The hackers successfully breached multiple entities in Cambodia involved in government operations and the country’s upcoming general elections, which are scheduled for July 29, according to researchers at FireEye who analyzed command-and-control servers used to launch malware in the attacks. The cyber firm also tracked a separate phishing email campaign targeting opposition figures in Cambodia. 

“The targeting of the election commission is particularly significant, given the critical role it plays in facilitating voting,” FireEye said in research published late Tuesday. “There is not yet enough information to determine why the organization was compromised – simply gathering intelligence or as part of a more complex operation.” 
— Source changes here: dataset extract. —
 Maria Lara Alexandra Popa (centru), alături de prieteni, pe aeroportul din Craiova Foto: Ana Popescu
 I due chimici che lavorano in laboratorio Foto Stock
The hacker group, which FireEye dubs "TEMP.Periscope," successfully compromised systems belonging to Cambodia’s National Election Commission as well as the Ministries of Foreign Affairs, Interior, and Economics and Finance and Cambodian media organizations. 

The espionage group also broke into systems used by a member of Cambodia’s parliament, two Cambodian diplomats operating overseas and Cambodian human rights and democracy advocates, according to the research.

Ben Read, senior manager of cyber espionage analysis at FireEye, said that the firm has “high confidence” the group is acting on behalf of Beijing’s government.

“The information sought by the group would be most useful to a government and does not have a clear monetary value,” Read said.

The hacker group used the same cyber tools in digital attacks against other organizations researchers have observed the group targeting — such as U.S. defense firms and a chemical company based in Europe.

In March, Fireye detected the hacking group launching attacks against U.S.-based maritime and engineering-focused entities, in an apparent effort to glean information relevant to the ongoing South China Sea dispute.

“We expect this activity to provide the Chinese government with widespread visibility into Cambodia elections and government operations,” FireEye's report said. “Additionally, this group is clearly able to run several large-scale intrusions concurrently across a wide range of victim types.” 

A spokesperson for the Chinese Embassy did not immediately return a request for comment. 

The details come amid heightened awareness of foreign influence efforts targeting elections, following Russia’s alleged campaign to meddle in the 2016 U.S. presidential election. As part of the effort, Moscow-linked hackers targeted state election systems, and in one case penetrated a voter database in Illinois.